City of Alexandria, Virginia






DATE:                     SEPTEMBER 6, 2022


TO:                                          THE HONORABLE MAYOR AND MEMBERS OF CITY COUNCIL


THROUGH:                      JAMES F. PARAJON, CITY MANAGER   /s/




DOCKET TITLE:                     


General Assembly Update - Permissive Local Authority From 2022 General Assembly Session.




ISSUEPermissive Authority Granted by 2022 General Assembly Action.


RECOMMENDATIONThat City Council review the following to give staff guidance as to what permissive authority it wishes to exercise.


BACKGROUNDVirginia courts recognize no inherent local government powers; this is the legal doctrine known as “Dillon’s Rule.” As a Dillon Rule state, the governing authority of Virginia localities is limited to what is expressly granted to them by state statute or written in their municipal charter. Therefore, each session of the General Assembly, bills may be passed and signed into law which grant localities certain governing authority; this authority may be mandatory or permissive.

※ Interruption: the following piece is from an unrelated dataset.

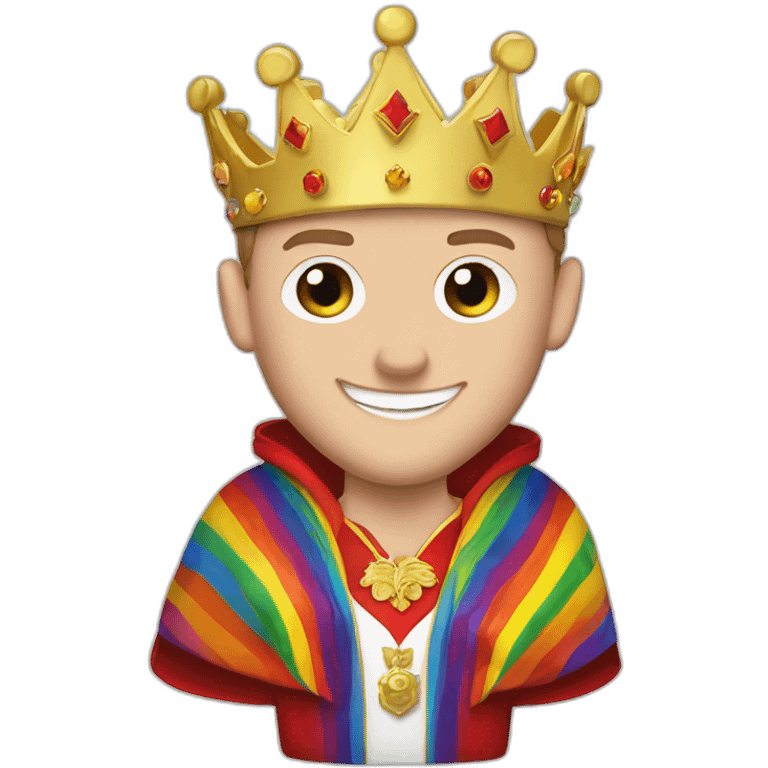 Jonathan Toews as a rainbow king with a royal robe on emoji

Once these laws go into effect and this authority is granted, it falls to the locality to implement whatever mandatory authority is required of them and determine whether they want to take advantage of any permissive authority.


During the 2022 session of the General Assembly, localities were granted permissive authority via fifteen (15) new laws in a number of subject areas. Subject matter experts in City Departments that would be impacted by new, permissive authority have provided guidance to Council for their consideration as to what permissive authority it wishes to exercise.

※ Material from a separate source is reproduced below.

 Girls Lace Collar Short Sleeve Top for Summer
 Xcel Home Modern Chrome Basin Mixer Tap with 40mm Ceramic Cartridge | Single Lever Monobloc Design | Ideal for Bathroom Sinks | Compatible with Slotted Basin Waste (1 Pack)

DISCUSSIONFor ease of use, the permissive authority granted to the City Council by the General Assembly in 2022 is grouped by subject matter and contains analysis of the new authority and staff’s recommendation whether City Council should enact an ordinance pursuant to the laws below. 

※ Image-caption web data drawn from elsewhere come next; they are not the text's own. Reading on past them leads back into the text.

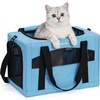 image:imagePecute Cat Carrier Stable Pet Carrier with Privacy PartitionLight Blue  Safe For Car Travel Stable Steel Frame SoftSided Pet Carrier Bag For Dogs And Cats Up To 11lbs Foldable DesignLight Blue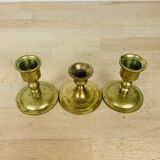 3 vintage gold brass candlesticks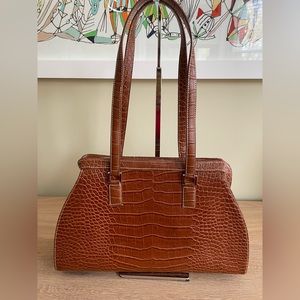 Brown Faux Croc Long Curved Handle Shoulder Bag Vegan Leather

1.                     Bill Number: HB 267/SB 12


Short Title: Local Taxes; surplus revenues


Bill Description: Grants localities permissive authority to return surplus personal property tax revenues to taxpayers. Under current law, localities may return only surplus real property tax revenues.


Staff Analysis: Council does not need to take action on this legislation.  Rather than return surplus revenue, the City deals with excessive NADA car valuations by applying an assessment ratio to lower actual personal property tax bills.  Only a few jurisdictions opted to use this surplus refund authority; most used either an assessment ratio or a tax decrease.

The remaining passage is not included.